**TASK DATA:**
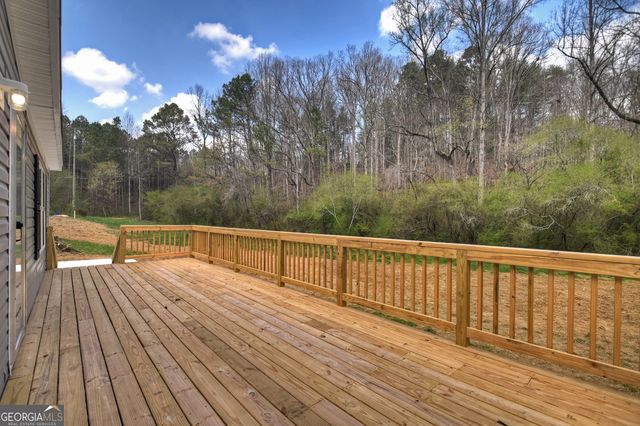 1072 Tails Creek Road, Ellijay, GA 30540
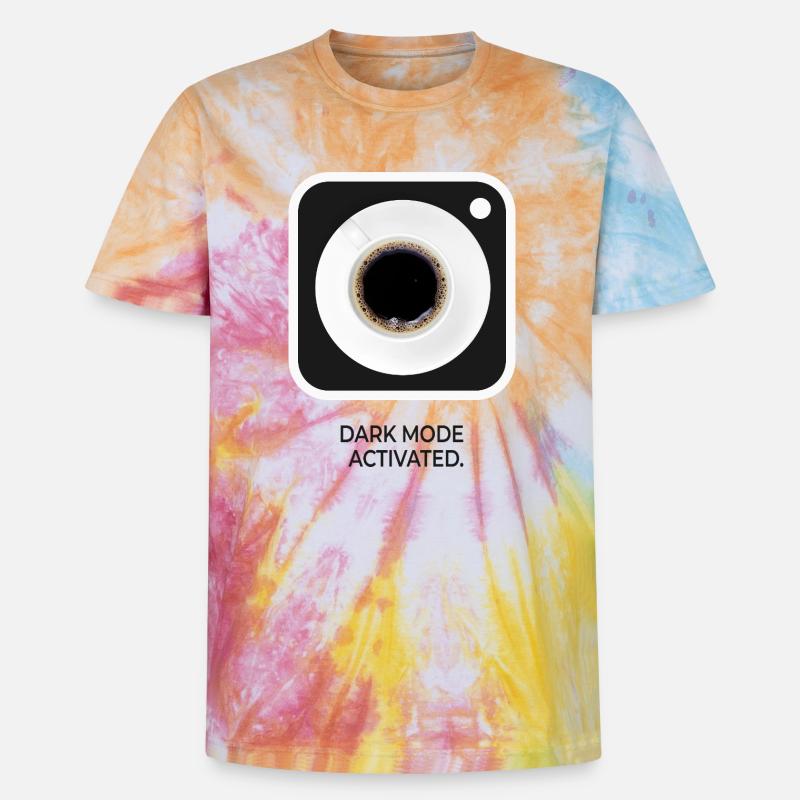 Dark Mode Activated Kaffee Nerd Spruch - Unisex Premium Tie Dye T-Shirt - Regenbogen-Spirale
...
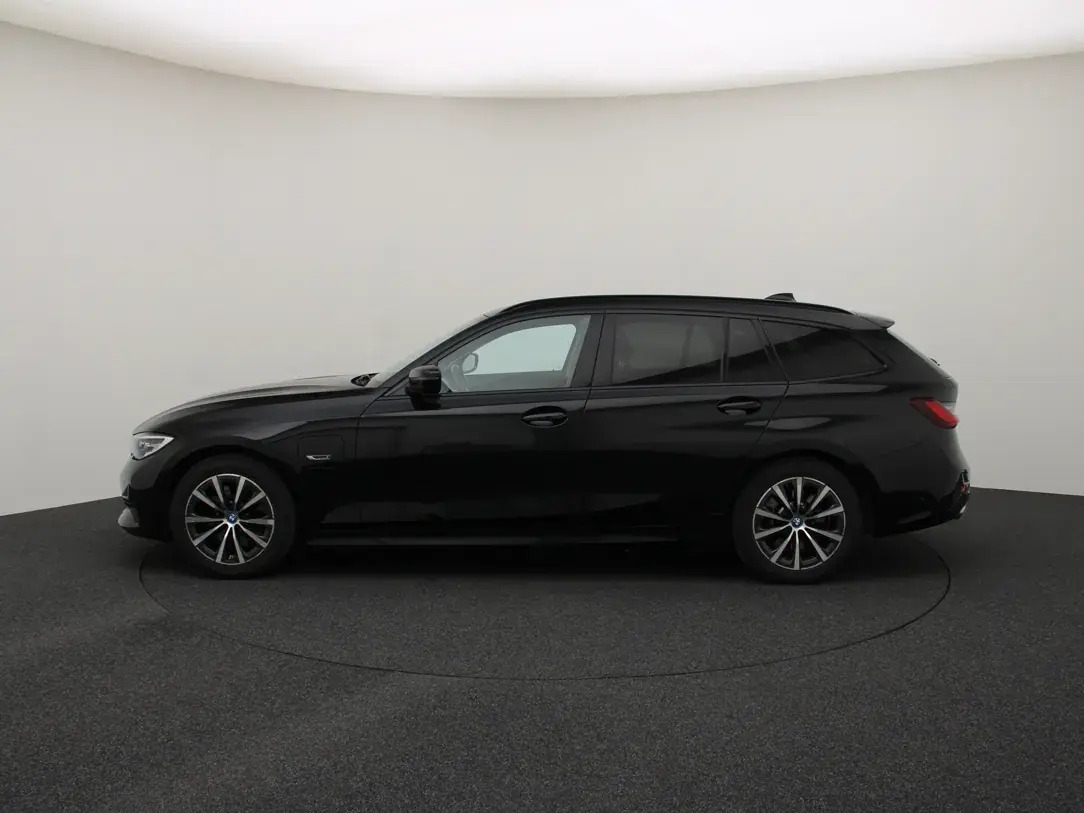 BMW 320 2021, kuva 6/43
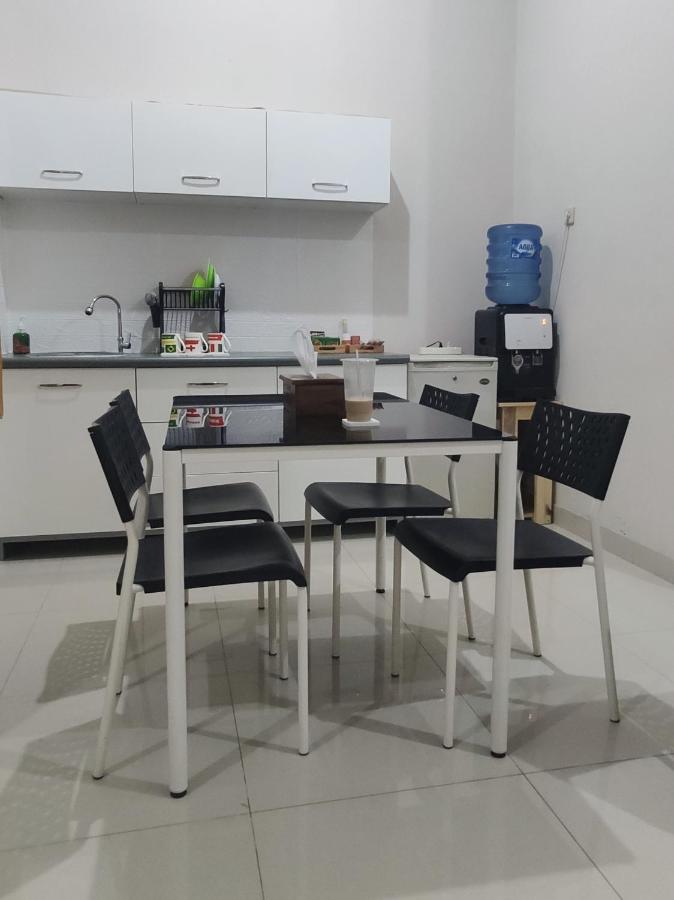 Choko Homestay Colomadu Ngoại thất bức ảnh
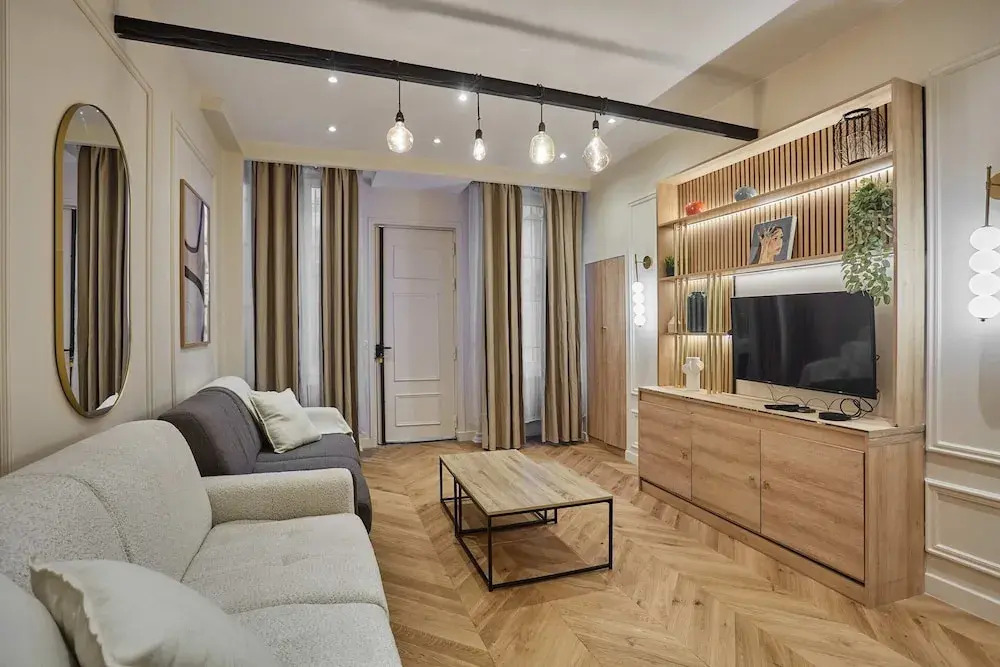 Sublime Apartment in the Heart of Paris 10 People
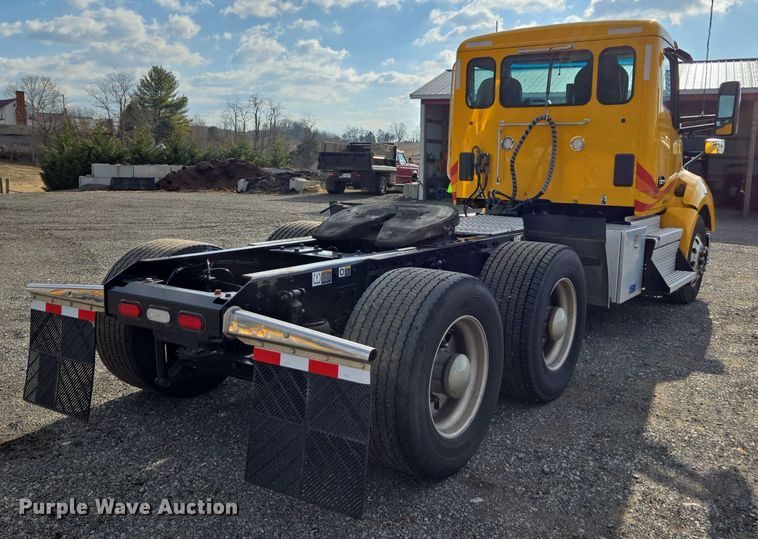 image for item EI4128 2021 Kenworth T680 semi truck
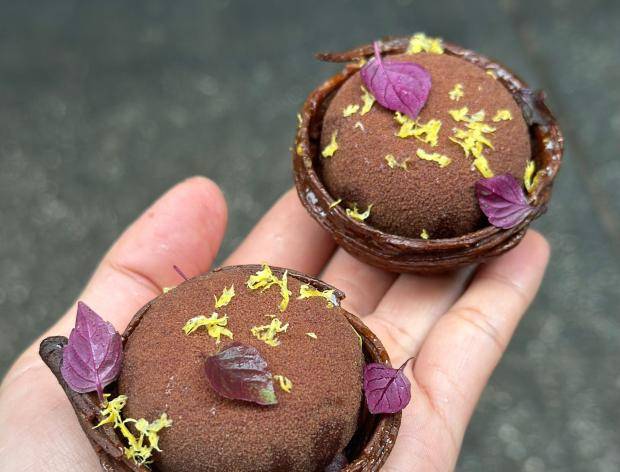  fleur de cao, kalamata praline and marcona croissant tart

**TASK DETAILS:**
Copy only what runs above from the line containing "Choko Homestay Colomadu Ngoại thất bức ảnh" through the line containing "fleur de cao, kalamata", exactly. Leave out the pictures.

**EXERCISE RESPONSE:**
 Choko Homestay Colomadu Ngoại thất bức ảnh
 Sublime Apartment in the Heart of Paris 10 People
 image for item EI4128 2021 Kenworth T680 semi truck
  fleur de cao, kalamata praline and marcona croissant tart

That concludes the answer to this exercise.